Abstract

Introduced species may hybridise with relatives in the native fauna or flora and thereby compete for matings and transmit alien DNA. Such interference may contaminate unique genepools, disturb existing ecological balances and may ultimately result in the extinction of the native species. In Sweden, the introduced brown hare (Lepus europaeus Pall.) hybridise with the native mountain hare (L. timidus L.), both relatively common members of the present Swedish fauna. This hybridisation has resulted in the transmission of mitochondrial DNA from the mountain hare to the brown hare, but absence of species differences in karyotype and allozymes have prevented investigations of the amount of nuclear gene flow. More polymorphic genetic markers are needed to analyse evidence of hybridisation in the nuclear genome. The conservation of microsatellite loci across taxa usually enables PCR amplification of microsatellites in closely related species with the same primers. We have used five microsatellite primer pairs, developed for the European wild rabbit (Oryctolagus cuniculus L.) to amplify microsatellites in the two species of hare in Sweden.
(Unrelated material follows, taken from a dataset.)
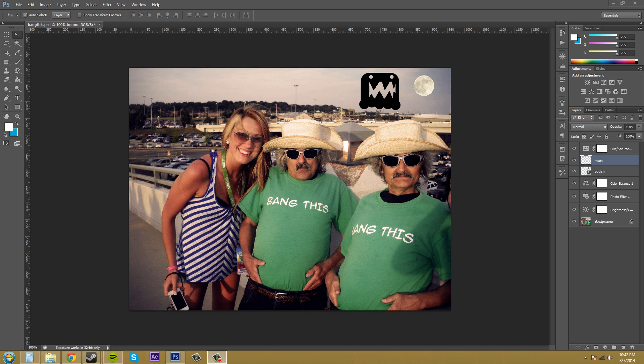Hey everybody, welcome to another Photoshop CS6 tutorial. I'm your host Buddy Blackford and today we're going to learn how to control an adjustment layer so that it only affects the layer that you want it to, and not all the layers below it — just the one that you make it affect.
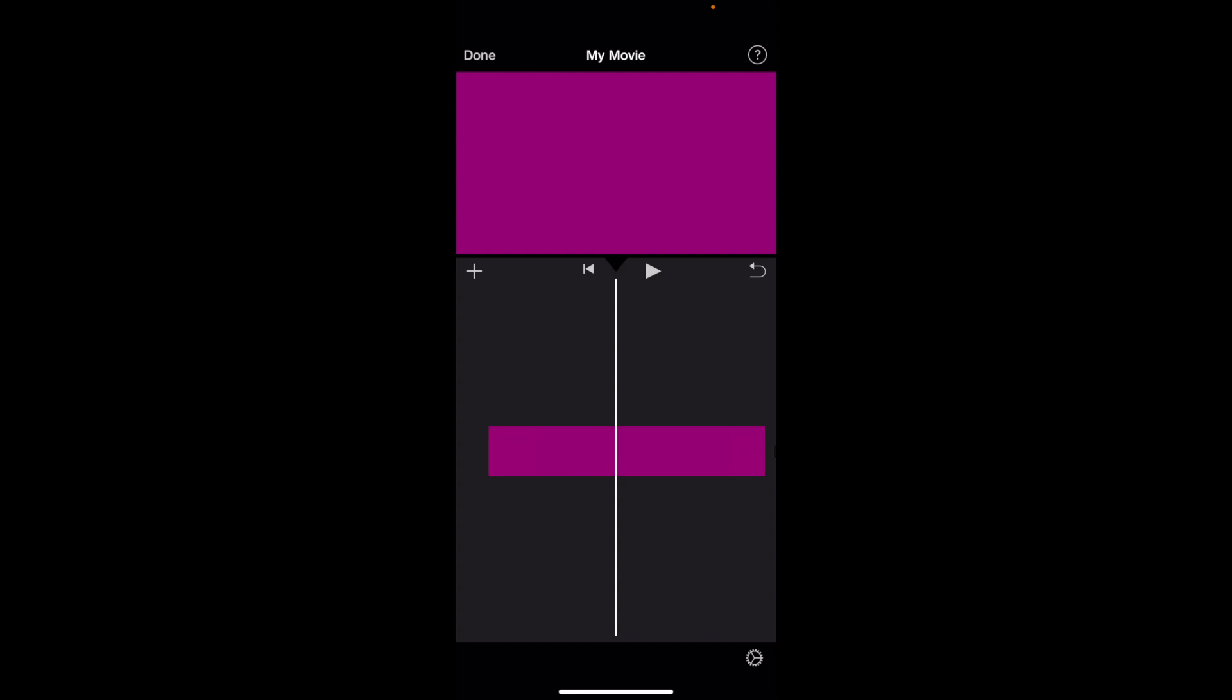So once you have iMovie open up on your device, as you can tell, I actually don't have any text added to my document.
The obtained allelic variation was used to construct a genetic distance tree based on the amount of shared alleles between all pairs of individuals (shared-allele index). This method offered sufficient differences to arrange all individuals in two groups, one for each species. Identification of individual hybrids based on the number of alleles shared between the species is not possible with these five microsatellite markers.